Foram convidados a participar todos os usuários que estavam aguardando o primeiro atendimento na sala de espera do Ambulatório Trans de Sergipe: “Portas abertas - Saúde integral das pessoas trans: cuidar e acolher”, no período de janeiro a agosto de 2017. Foram excluídas do estudo pessoas com idade inferior a 18 anos, aquelas que haviam iniciado o processo transexualizador assistido por profissional de saúde, naquele serviço ou em outro, ou que haviam realizados procedimentos cirúrgicos relacionados, ou terapia fonoaudiológica com vistas à readequação vocal.
Assim, foram incluídas 27 pessoas, sendo 17 homens trans (gênero masculino) e 10 mulheres trans (gênero feminino), com média de idade de 26,7 (±9,1) anos.
O ambulatório onde foi realizada a pesquisa é multiprofissional e disponibiliza atendimento em Fonoaudiologia, Psicologia, Nutrição, Endocrinologia, Psiquiatria, Ginecologia e Terapia Ocupacional.
No primeiro momento, foi realizada uma breve anamnese com informações quanto ao nome, idade, gênero e presença, ou não, de queixa vocal. Em seguida, foram aplicados três instrumentos: Qualidade de Vida em Voz (QVV), Transgender Voice Questionnaire (TVQMtF) e Índice de Triagem para Distúrbio de Voz (ITDV).
O QVV foi traduzido e validado para o português brasileiro por Gasparini e Behlau(11) e tem como objetivo quantificar o impacto que determinada alteração vocal traz para a qualidade de vida do sujeito(12). Possui dez itens, distribuídos em seis questões físicas e quatro socioemocionais. Cada item pode ser classificado numa escala de cinco pontos, em que 1 “não é um problema” e 5 “é um problema muito grande”. Quanto maior a pontuação calculada, melhor é a qualidade de vida do sujeito. Para o cálculo dos escores, utiliza-se um algoritmo padrão, que pode variar de 0 a 100, este último indicando a melhor qualidade de vida possível.
O TVQMtF é um questionário de autopercepção, específico para pessoas trans, desenhado para medir a percepção desta população quanto a sua voz(13). Este questionário, traduzido e adaptado para o português brasileiro, é composto de 30 itens e possui uma escala de classificação que varia de 1 a 4, sendo 1 = “nunca ou raramente”, 2 = “algumas vezes”, 3 = “frequentemente” e 4 = “usualmente ou sempre”. A pontuação varia de 30 a 120, mínimo e máximo, respectivamente(14). Quanto maior a pontuação, pior é a percepção sobre a própria voz.

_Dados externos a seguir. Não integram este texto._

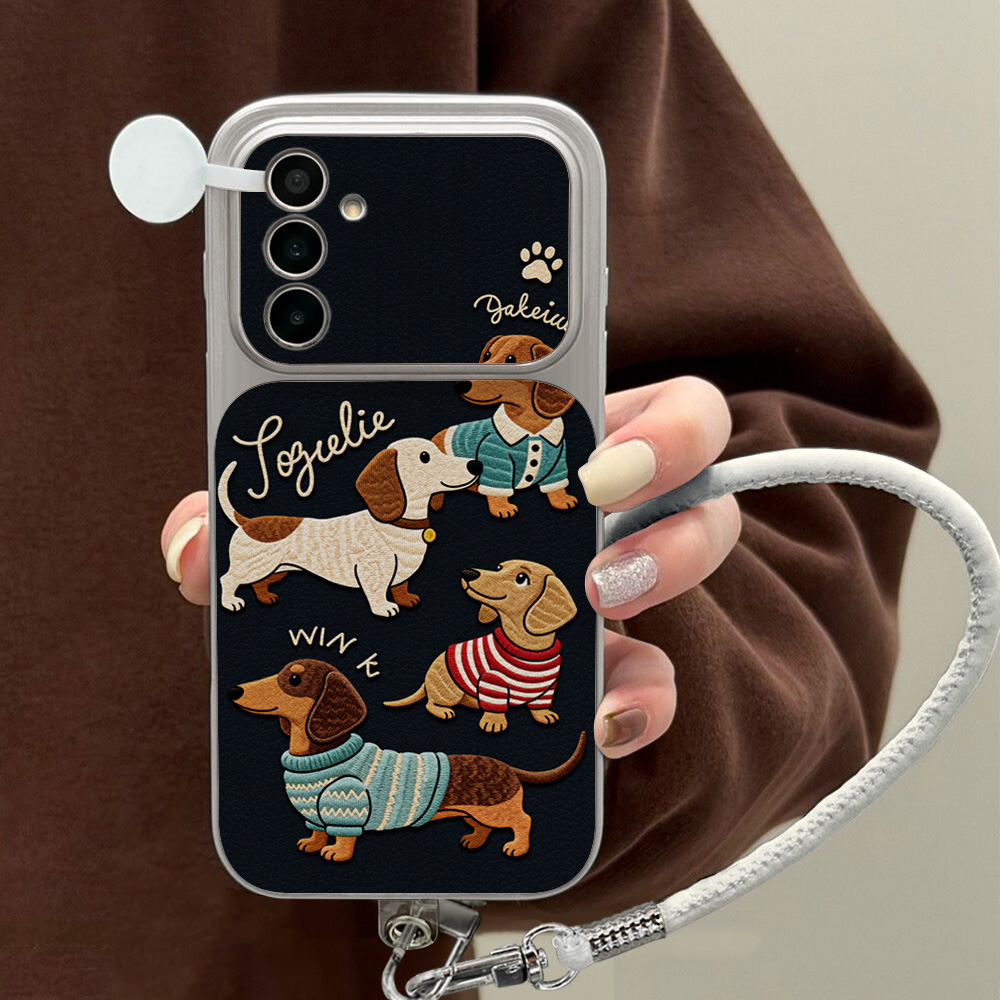 Phone Cases Leather - 漫画風ダックスフント柄スマホケース サムスン A56 A55 A57 A36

Utilizou-se, ainda, um questionário adaptado com base no TVQMtF. Por se tratar de um instrumento específico para mulheres trans, houve uma adaptação para que abrangesse ambos os gêneros, tanto mulheres como homens trans. A adaptação se deu, exclusivamente, com a mudança de palavras, termos e expressões remetidos ao gênero feminino por demais, em comparação ao gênero masculino, a fim de abarcar, também, este gênero.
O ITDV é um instrumento de autopercepção, elaborado e validado por Ghirardi et al.(15), composto por 12 sintomas vocais comuns e possui uma escala de classificação dividida em “nunca”, “raramente”, “às vezes” e “sempre”. Para as respostas “às vezes” ou “sempre”, soma-se 1 ponto. A nota de corte para a presença de um distúrbio vocal é de 5 pontos.

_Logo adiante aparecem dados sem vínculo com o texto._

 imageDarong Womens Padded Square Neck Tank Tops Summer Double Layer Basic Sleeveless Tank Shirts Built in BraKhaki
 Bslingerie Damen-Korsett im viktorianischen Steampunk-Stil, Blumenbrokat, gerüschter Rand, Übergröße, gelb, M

Foram utilizados os softwares Excel e SPSS® 16.0, para análise dos dados. A normalidade dos dados foi estudada por meio do teste de Kolmogorov-Smirnov, sendo uma amostra paramétrica. Para verificação de correlação entre os resultados da pontuação total entre os instrumentos (ITDV, QVV e TVQMtF), para verificação da correlação da idade nos resultados dos instrumentos, foi utilizado o teste de correlação bivariada de Pearson (r). Foram estipulados como sendo de correlação fraca valores de r entre 0 e 0,3; moderada entre 0,4 e 0,6 e forte, quando maior que 0,7(16). Para comparação das médias dos instrumentos aplicados (ITDV, QVV e TVQMtF) entre os gêneros foi utilizado o teste t Student para amostras independentes. Foi estabelecido como estatisticamente significativo o valor de p de 5% (p < 0,05).
RESULTADOS
Na entrevista inicial, 26 (96,3%) pessoas declararam apresentar alguma queixa vocal especifica. O teste t Student para amostras independentes não evidenciou diferenças significativas entre mulheres e homens trans, nas respostas do ITDV (p = 0,6), TQVMtF (p = 0,4) e do QVV (p = 0,7) (Tabela 1).
Os resultados referentes ao ITDV demonstraram que 12 (44,4%) pessoas apresentaram resultados sugestivos de distúrbios vocais (pontuação final igual ou maior que 5), sendo a média encontrada 34,1 (±3,1). O QVV, no domínio socioemocional, apresentou média de 60,6 (±25,7) pontos (90,65 foi a melhor pontuação para este domínio) e, no domínio físico, média de 64,8 (±28,9) pontos (89,60 foi a melhor pontuação para este domínio), indicando maior comprometimento dos aspectos socioemocionais. No TQVMtF, a média obtida foi de 70,6 (±24,7) (valor mínimo de resposta igual a 30 pontos e máximo de 120 pontos).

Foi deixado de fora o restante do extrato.